↓

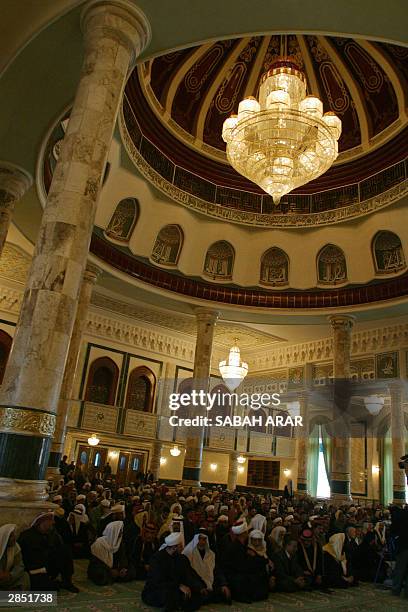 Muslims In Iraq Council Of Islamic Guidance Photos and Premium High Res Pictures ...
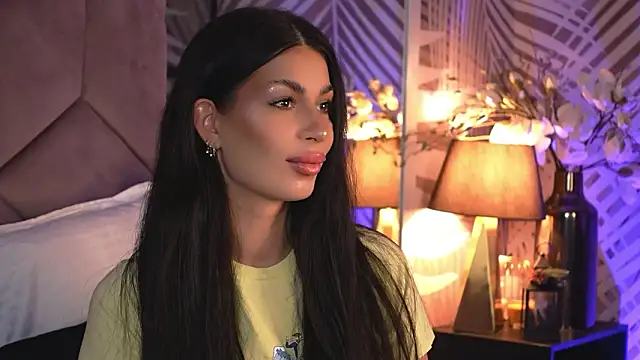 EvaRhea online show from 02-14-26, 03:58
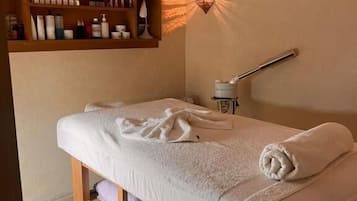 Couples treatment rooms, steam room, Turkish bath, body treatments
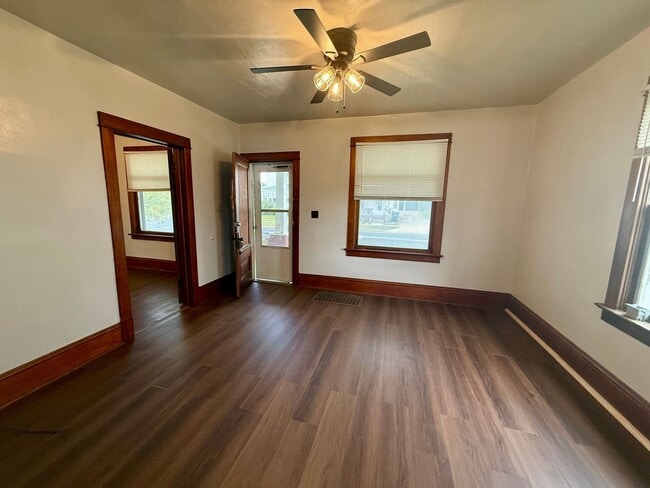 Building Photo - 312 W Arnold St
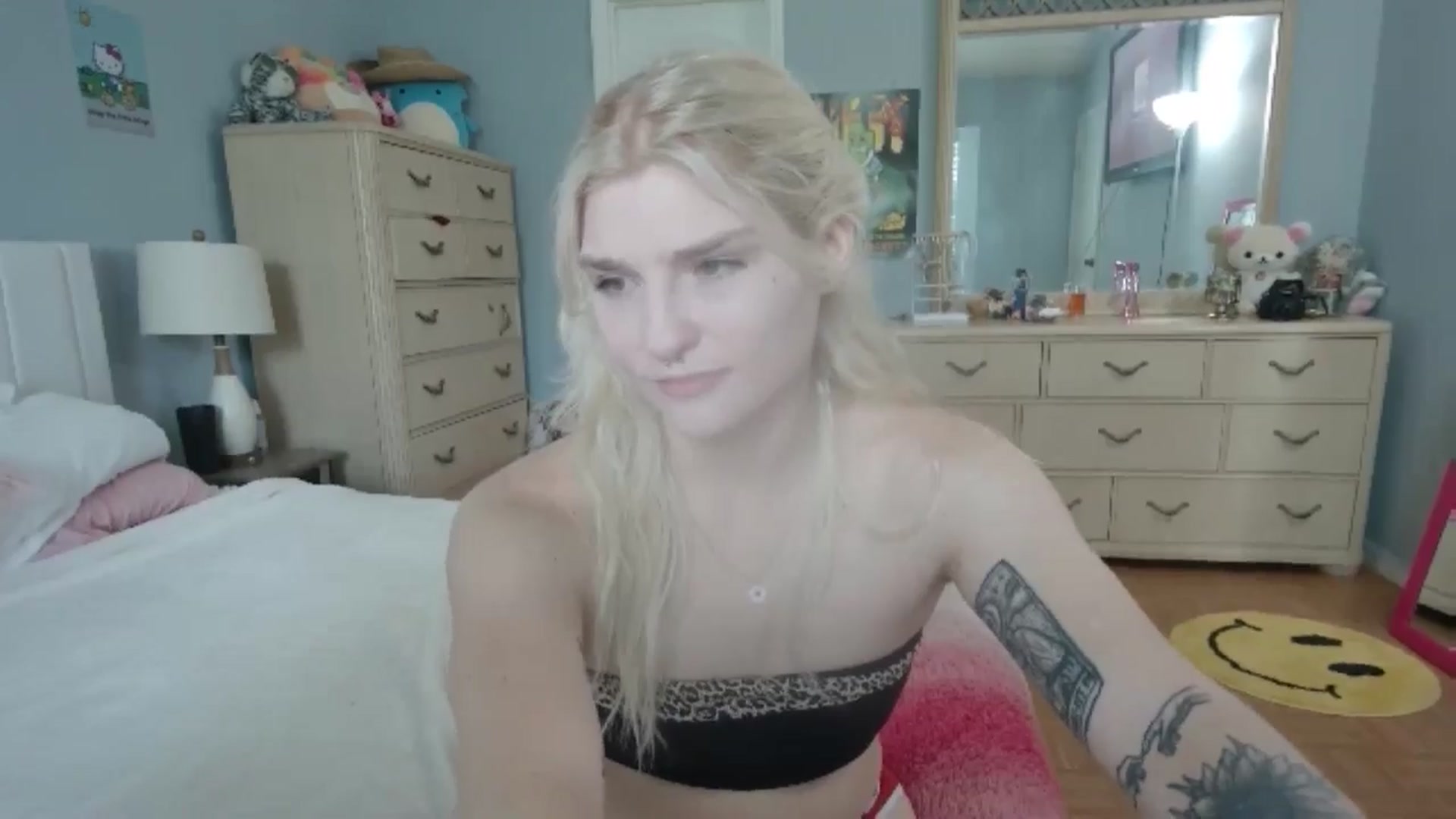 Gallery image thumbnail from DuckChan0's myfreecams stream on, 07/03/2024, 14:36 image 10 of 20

↑
↓

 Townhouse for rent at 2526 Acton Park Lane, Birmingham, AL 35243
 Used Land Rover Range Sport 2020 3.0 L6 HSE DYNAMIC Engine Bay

↑

## Assigned task
For the entries above, print exactly the lines between the one with "Building Photo - 312 W Arnold St" and the one with "Gallery image thumbnail", inclusive, with no pictures.

## Response box
 Building Photo - 312 W Arnold St
 Gallery image thumbnail from DuckChan0's myfreecams stream on, 07/03/2024, 14:36 image 10 of 20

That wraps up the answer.